## TASK INSTRUCTIONS
Looking at the listing below, retype exactly the lines starting at the one containing "9K White Gold" and ending at the one containing "Portrét Huga Cháveze", both included, and nothing else.
*** RECORDS TO PROCESS
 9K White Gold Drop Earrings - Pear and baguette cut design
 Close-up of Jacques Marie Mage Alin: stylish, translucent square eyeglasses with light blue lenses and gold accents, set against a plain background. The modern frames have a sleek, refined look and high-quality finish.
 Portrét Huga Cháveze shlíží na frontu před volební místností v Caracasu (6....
******
*** RECORDS TO PROCESS
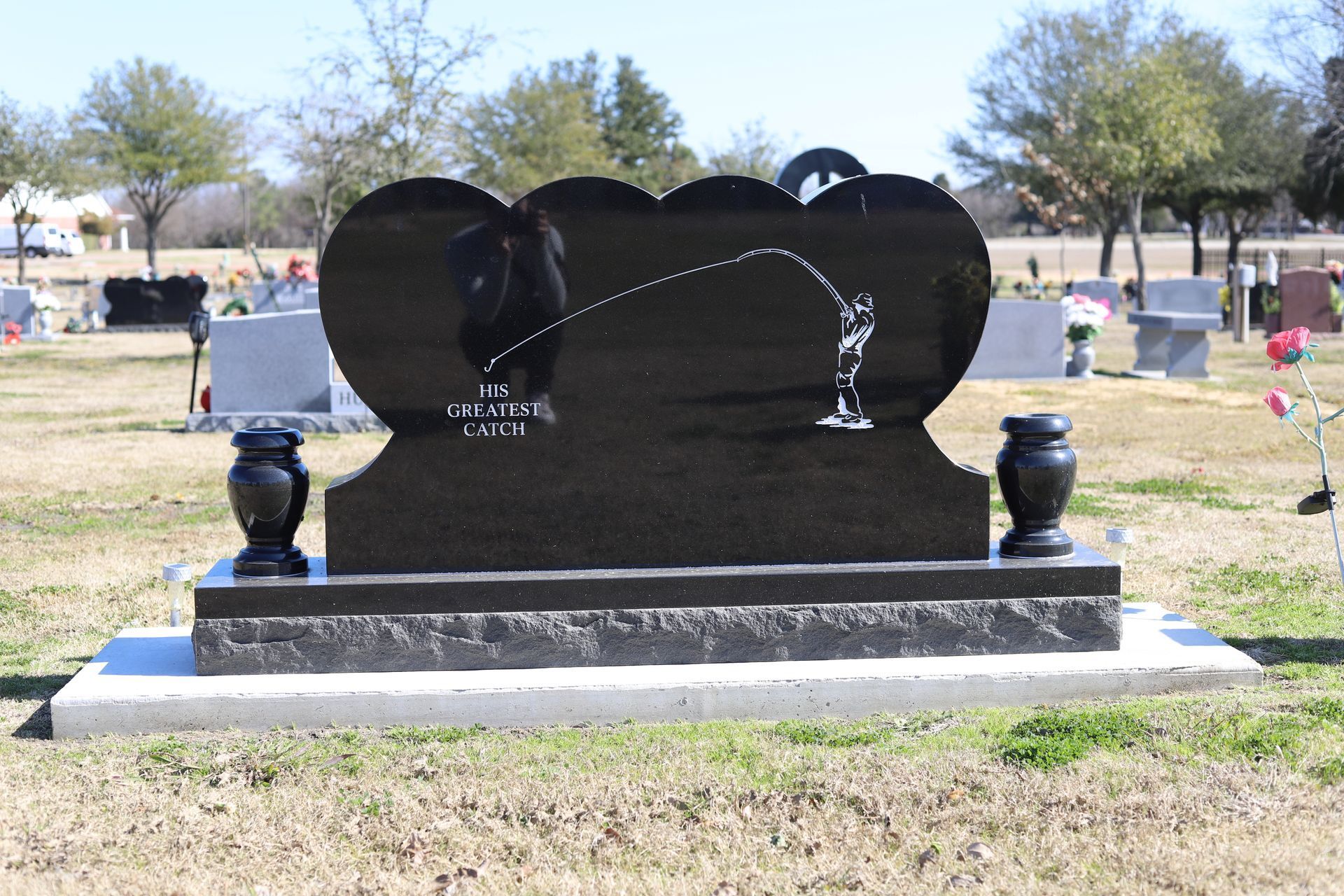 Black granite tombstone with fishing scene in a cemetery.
******
*** RECORDS TO PROCESS
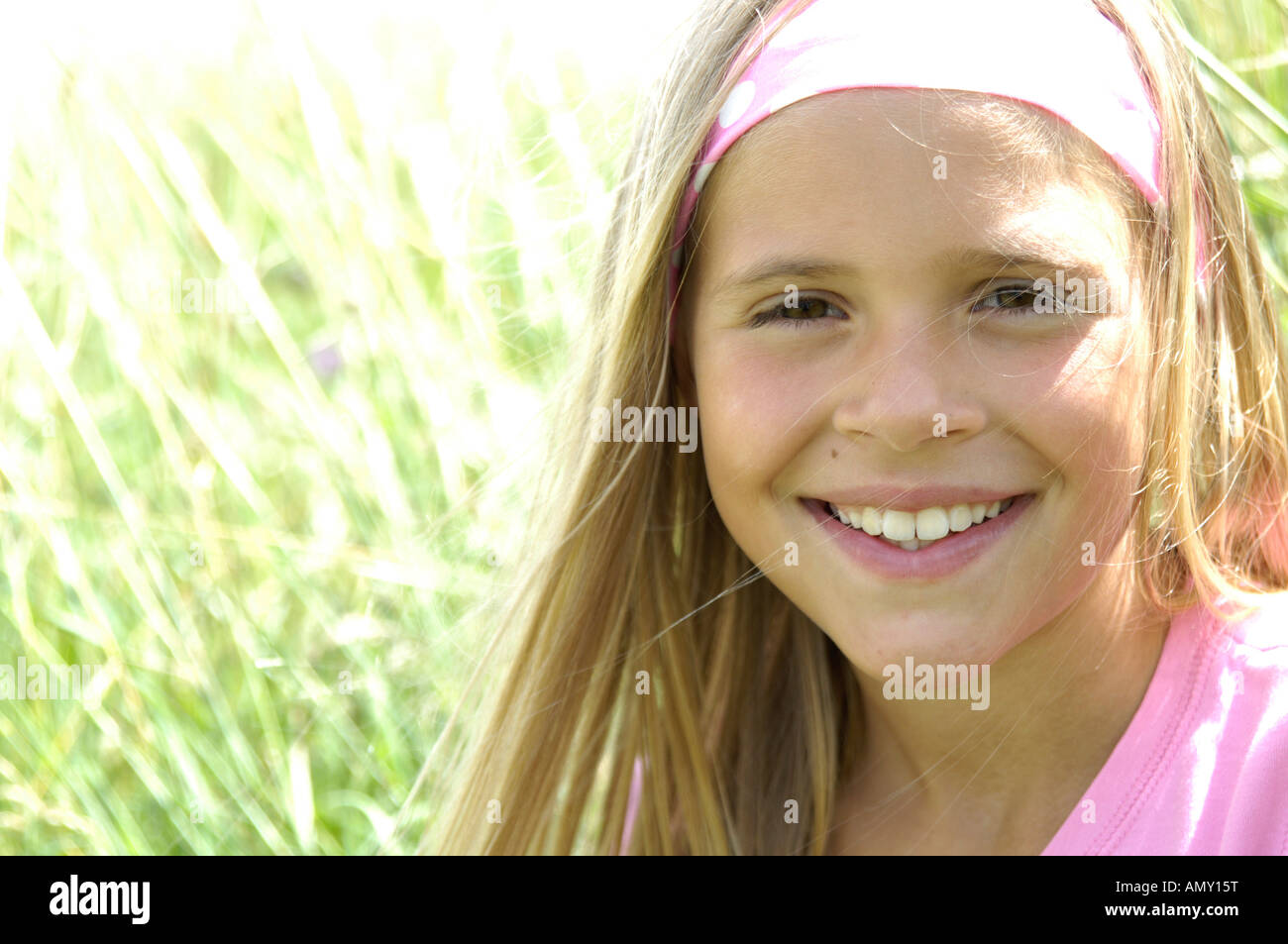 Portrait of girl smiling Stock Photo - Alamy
******
## RESPONSE BELOW
 9K White Gold Drop Earrings - Pear and baguette cut design
 Close-up of Jacques Marie Mage Alin: stylish, translucent square eyeglasses with light blue lenses and gold accents, set against a plain background. The modern frames have a sleek, refined look and high-quality finish.
 Portrét Huga Cháveze shlíží na frontu před volební místností v Caracasu (6....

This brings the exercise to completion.